Ormai nemmeno litigano più, a dimostrazione che nel M5S la frattura è talmente grande che nessuno ha ancora voglia di provare a convincere – dialogando o con la minaccia di un’espulsione – chi non la pensa come lui. La prova è nelle parole con cui Gianroberto Casaleggio, ieri a Roma per incontrare il nuovo direttorio a Montecitorio, si sarebbe sfogato nel pomeriggio con Luigi Di Maio. «Facessero come gli pare, se se ne vogliono andare sono liberi di farlo», avrebbe detto il cofondatore del M5S riferendosi ai tanti parlamentari che sarebbero in procinto di lasciare il movimento. Circolano numeri che, se confermati, rappresenterebbero una vera emorragia: tra i 20 e i 27 deputati e almeno 20 senatori, roba da lasciare il gruppo M5S a palazzo Madama – dove oggi siedono in 40 – a dir poco sguarnito.

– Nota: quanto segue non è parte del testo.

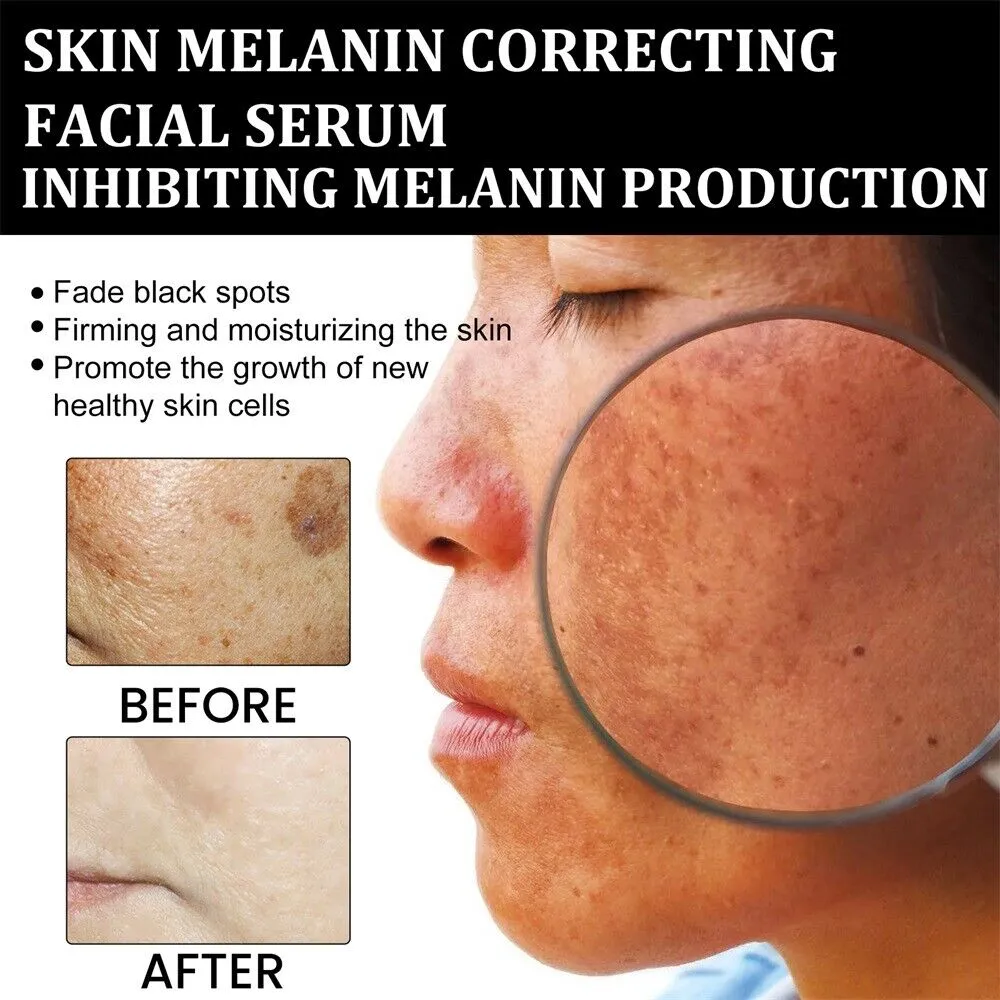 Niacinamide Brightening Serum - Image 3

I conti veri si faranno nei prossimo giorni, probabilmente dopo l’Open day organizzata per domenica a Parma dal sindaco Federico Pizzarotti e che potrebbe segnare l’avvio della rifondazione grillina. Ma se è vero che a volte contano più le assenze delle presenze un’indicazione chiara è venuta proprio dall’assemblea di ieri pomeriggio. Su un totale di oltre 140 tra senatori e deputati, i presenti erano appena 80. Tutti gli altri hanno scelto di disertare la congiunta anche per contestare l’elezione del direttorio, piovuta anch’essa dall’alto come succede spesso. Al punto che non sono mancate le contestazioni verso Luigi Di Maio, Carla Ruocco, Carlo Sibilia, Roberto Fico e Alessandro Di Battista, i cinque prescelti da Grillo e Casaleggio per affiancarli nella guida del movimento.
«Qualcuno ha detto che se questo progetto fallisce, allora falliamo tutti. Io non mi prendo la responsabilità di qualcosa che non è stato condiviso», avrebbe detto la deputata Silvia Benedetti chiedendo di fissare una scadenza la mandato del direttorio: «Così valutiamo se siete un carrozzone».

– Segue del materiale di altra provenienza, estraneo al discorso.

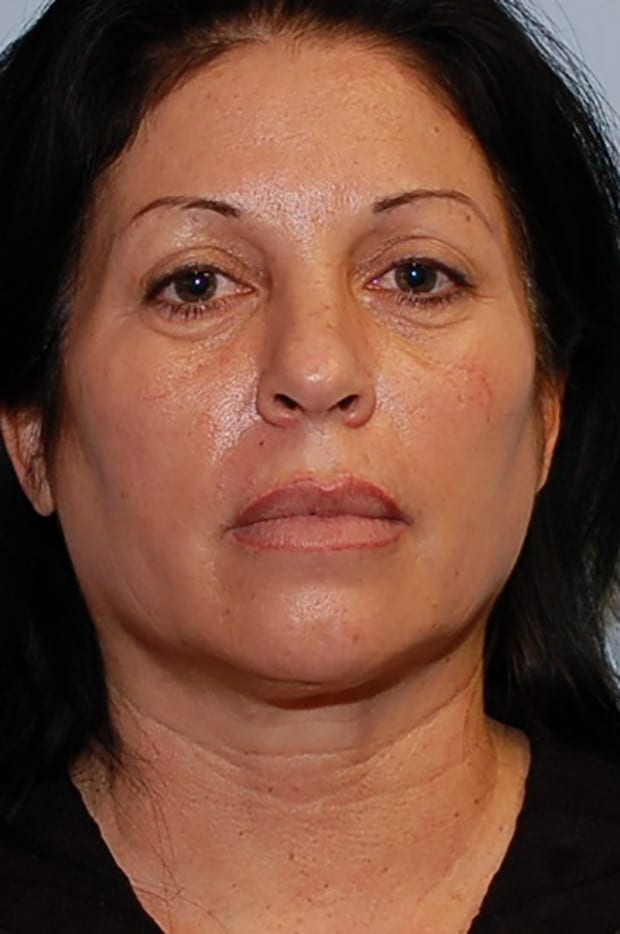 Microlift Patient Photo - Case 5283 - before view-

Nell’assemblea non si è parlato di ulteriori espulsioni ma del nuovo corso che dovrà assumere il Movimento e che, tra l’altro, prevede una maggiore presenza anche in televisione.
La presenza a Roma di Casaleggio il giorno dell’attesa assemblea congiunta non è stato certo casuale. Il guru è arrivato per istruire Di Maio, Roberto Fico, Carla Ruocco, Carlo Sibilia e Alessandro Di Battista, il direttorio eletto insieme a Grillo, su quanto dovranno fare, assegnando a ciascuno di loro deleghe precise. Ma anche per compattare quel che rimane del M5S dopo le polemiche seguite all’espulsione di Massimo Artini e Paola Pinna. Compito difficile, perché ormai è chiaro a tutti che questa volta nessun richiamo all’ordine e nessuna promessa di cambiamento potrà far rientrare il dissenso che circola tra i parlamentari: «Il M5S è finito, che ci restiamo a fare qui?», commentava ieri pomeriggio un dissidente prima di lasciare l’assemblea. Chi è restato, come la deputata Giulia Sarti, ha chiesto invece al direttorio di partecipare domenica all’iniziativa di Pizzarotti. Ipotesi bocciata da Fico, che avrebbe giustificato la scelta con il timore di presunte strumentalizzazioni.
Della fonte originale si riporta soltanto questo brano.